The ensemble optimization method44 was used to select from the initial pool of 8,000 conformers sub-ensembles of models that collectively reproduced the experimental SAXS profile. (a) Fitting of SAXS data. The black curve shows the experimental SAXS data, and the red curve shows the theoretical curve calculated for an ensemble five conformers (χ-value=1.92). The lower graph shows the plot of the residuals. (b) Variation of the χ-value as a function of the number of conformers in the selected sub-ensemble. The χ-values are averages of six independent selection processes. For sub-ensembles of 1–4 conformers, the same models were selected in repeated independent selections. For sub-ensembles of 5–50, different models were selected in successive selections processes and the error bars (red lines) correspond to two s.d. values of the calculated χ-values. No difference in the χ-value was observed if the programme was allowed to select several times the same model. (c) Rg distributions. The black curve shows the distribution of Rg in the initial pool of 8,000 conformers, whereas the red shadowed curve represents the Rg distribution for sub-ensemble of five conformers. (d) and (e) Ensemble conformation of HCV IRES. The figures show two views of one ensemble of five conformers that collectively reproduces the experimental SAXS curve as shown in a. The pseudo-knot of the five conformers was aligned, and the regions corresponding to the known atomic structures are coloured as in Fig. 2.

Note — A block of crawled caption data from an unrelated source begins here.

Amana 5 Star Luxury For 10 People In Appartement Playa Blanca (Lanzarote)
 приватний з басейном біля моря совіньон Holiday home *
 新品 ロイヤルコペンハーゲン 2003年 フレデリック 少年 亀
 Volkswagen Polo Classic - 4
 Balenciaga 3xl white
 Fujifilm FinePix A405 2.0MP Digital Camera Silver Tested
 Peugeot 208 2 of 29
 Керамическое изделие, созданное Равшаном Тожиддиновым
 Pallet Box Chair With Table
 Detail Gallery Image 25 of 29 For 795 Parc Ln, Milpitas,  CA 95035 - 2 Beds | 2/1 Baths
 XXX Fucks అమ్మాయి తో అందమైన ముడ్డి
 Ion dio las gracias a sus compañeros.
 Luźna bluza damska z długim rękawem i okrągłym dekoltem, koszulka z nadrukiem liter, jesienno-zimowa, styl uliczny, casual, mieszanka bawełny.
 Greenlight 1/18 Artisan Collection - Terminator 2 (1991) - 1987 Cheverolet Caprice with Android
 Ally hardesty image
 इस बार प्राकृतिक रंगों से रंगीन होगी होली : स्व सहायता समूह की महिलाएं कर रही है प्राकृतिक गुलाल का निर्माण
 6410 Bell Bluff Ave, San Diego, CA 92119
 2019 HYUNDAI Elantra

In order to compare the models constituting one selected ensemble, we used the programme SUPCOMB and we calculated normalized spatial discrepancy (NSD) values. The NSD parameter measure the proximity of two objects in the three-dimensional space and is analogous to the error-weighted χ-value used to characterized deviations within one-dimensional data sets45. Structural alignment can be performed by minimizing this parameter, and the NSD calculated between aligned structures provides a quantitative estimate of the similarity between the models. Typically, an NSD value lower than 0.7 is taken as evidence that the objects are similar. The average NSD value was always larger than 2.0, indicating that the conformers were significantly different (data not shown). Figure 6d show a representative ensemble of five models that highlights the conformational diversity of full-length HCV IRES in solution. The selected conformers of this ensemble and of other independently selected ensembles were predominantly localized in the lower part of the two-dimensional plot showing the distribution of conformers along the first and second PC for the conformational ensemble of 8,000 models (Fig. 5d). This suggests that motions along the first PC dominate the exchanges between the conformers of the RNA molecule in solution and that motions along the second PC are less frequent.

Conformational changes in the IRES upon binding the ribosomal 40S subunit

To compare the IRES structure in solution with that bound to eIF3 and the ribosomal 40S subunit, we searched within the pool of 8,000 physically accessible conformers the structure that best fitted the cryo-EM difference map (Fig. 7). One model could be found for which most of domain III perfectly fitted into the cryo-EM map, but subdomain IIId and domain II were not properly oriented (Fig. 7a). However, by applying simple rotations around two pivot points at the base of domain II and of domain IIId, it was possible to slightly rearrange the IRES atomic structure such that it docked into the EM density of the bound IRES (Fig. 7a). The back calculated scattering curve for this conformer was significantly different from the experimental curve showing that the structure adopted by the HCV IRES in the complex with eIF3 and the 40S subunit is different from the averaged population of conformers in solution (Supplementary Fig. S8). On the two-dimensional plot of PC amplitudes, the model that best matched the bound IRES is localized in the upper left corner (Fig. 5d), suggesting that conformational changes involving motions along the second PC mode with a reorientation of domain II relative to domain III must occur upon binding to its partners.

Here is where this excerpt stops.